Pictures with short captions:
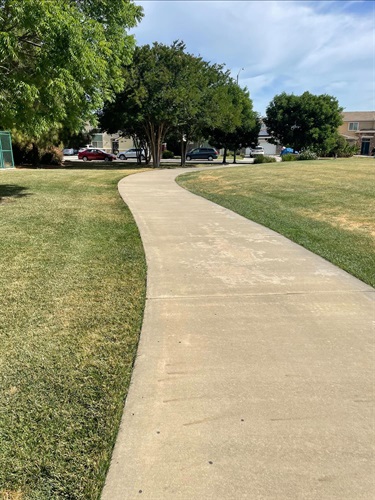 Concrete walking path winding through a community park, bordered by open grassy areas, mature shade trees, and landscaped park space, with nearby residential buildings visible in the background under a partly cloudy sky.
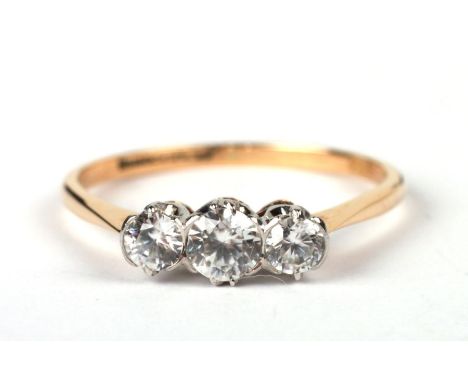 An 18ct gold and platinum three-stone moissanite ring, approx UK size 'P', 2.1g.Condition ReportThe ring is in general good c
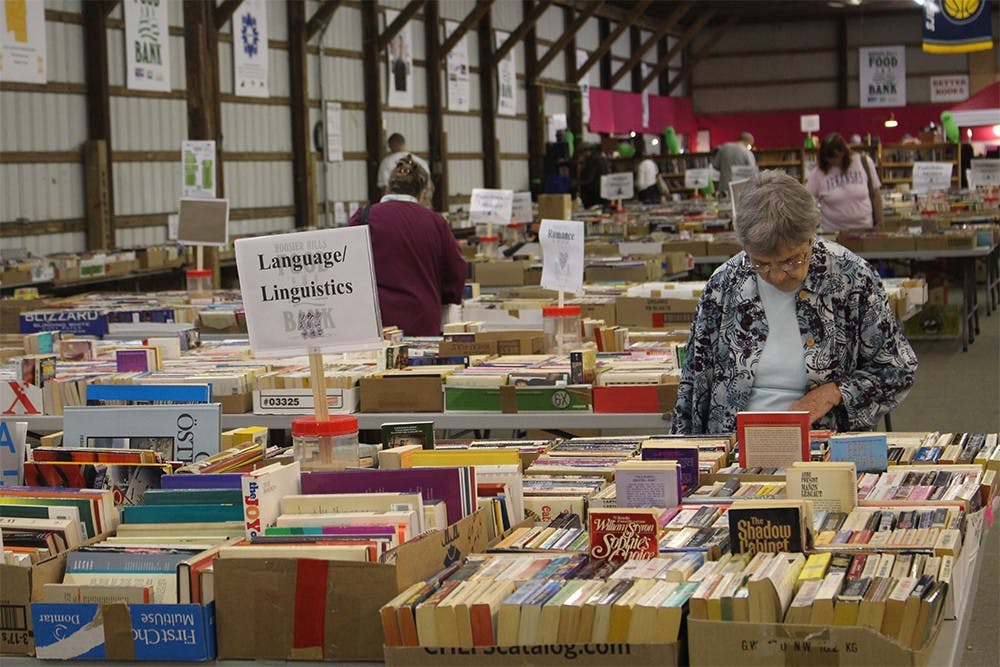 Shoppers browse through the selection at the 32nd annual Bloomington Community Book Fair. Over 100,000 items were donated for the event, which took place at the Monroe County Fairgrounds Thursday through Tuesday. 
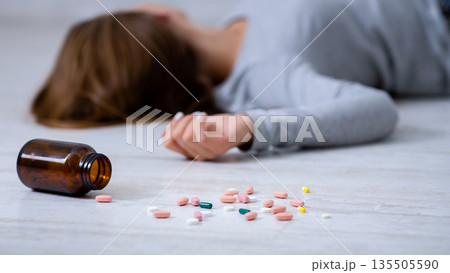 Young woman committing suicide by overdosing on pills, focus on bottle of tablets scattered on floor. Depression and drug overuse, mental breakdown or PTSD problem concept 135505590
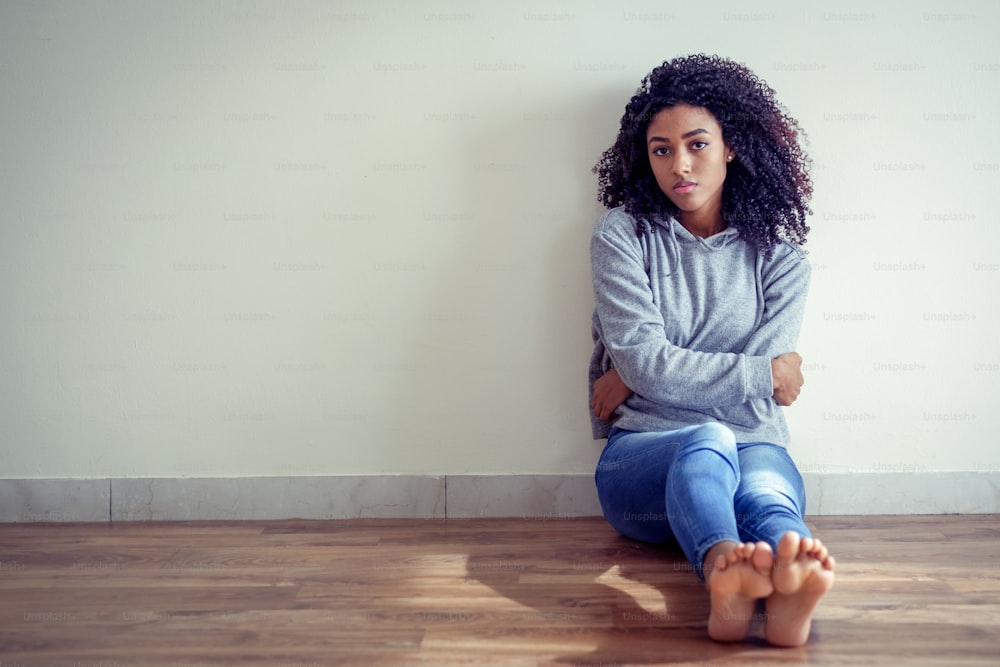 Portrait of black girl suffering solitude and depression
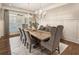Formal dining area featuring a long wooden table, upholstered chairs, and classic chandeliers with wainscoting at 157 Lake Forrest Ne Ln, Atlanta, GA 30342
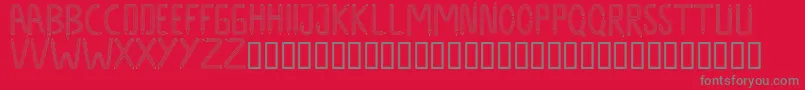DesigndesignRegular Font – Gray Fonts on Red Background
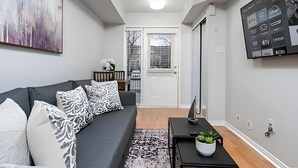 Uma sala de estar moderna com um sofá cinzento, almofadas estampadas, uma mesa de centro preta com uma planta, um quadro abstrato grande e uma TV montada exibindo diversos canais.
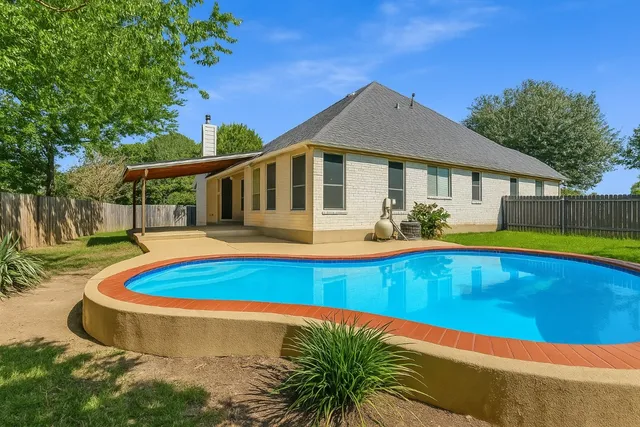a view of a house with swimming pool and porch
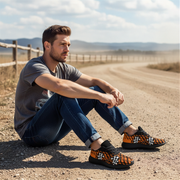 Man sitting on a dirt road wearing orange and black patterned shoes.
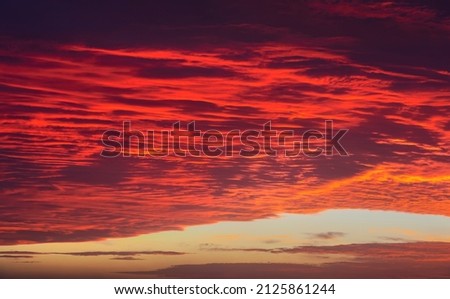 Sky at sunset texture background overlay. Dramatic red, orange, purple clouds. High resolution photography perfect for sky replacement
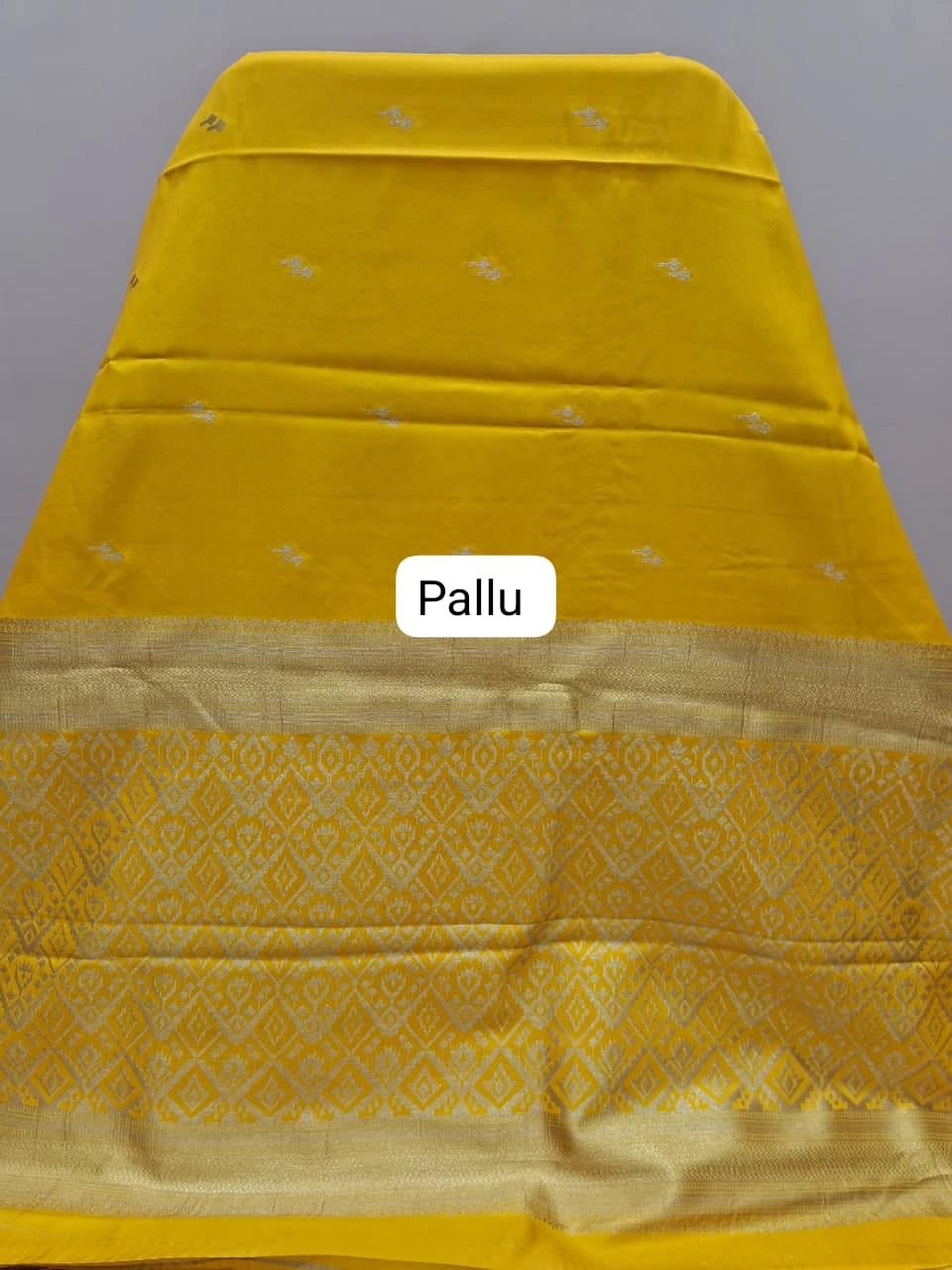 Mango yellow soft silk saree pallu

■ TASK REQUIREMENTS ■
All entries must be output unchanged, with every picture omitted.

■ WORKED SOLUTION ■
 Concrete walking path winding through a community park, bordered by open grassy areas, mature shade trees, and landscaped park space, with nearby residential buildings visible in the background under a partly cloudy sky.
 An 18ct gold and platinum three-stone moissanite ring, approx UK size 'P', 2.1g.Condition ReportThe ring is in general good c
 Shoppers browse through the selection at the 32nd annual Bloomington Community Book Fair. Over 100,000 items were donated for the event, which took place at the Monroe County Fairgrounds Thursday through Tuesday. 
 Young woman committing suicide by overdosing on pills, focus on bottle of tablets scattered on floor. Depression and drug overuse, mental breakdown or PTSD problem concept 135505590
 Portrait of black girl suffering solitude and depression
Formal dining area featuring a long wooden table, upholstered chairs, and classic chandeliers with wainscoting at 157 Lake Forrest Ne Ln, Atlanta, GA 30342
DesigndesignRegular Font – Gray Fonts on Red Background
 Uma sala de estar moderna com um sofá cinzento, almofadas estampadas, uma mesa de centro preta com uma planta, um quadro abstrato grande e uma TV montada exibindo diversos canais.
a view of a house with swimming pool and porch
 Man sitting on a dirt road wearing orange and black patterned shoes.
 Sky at sunset texture background overlay. Dramatic red, orange, purple clouds. High resolution photography perfect for sky replacement
 Mango yellow soft silk saree pallu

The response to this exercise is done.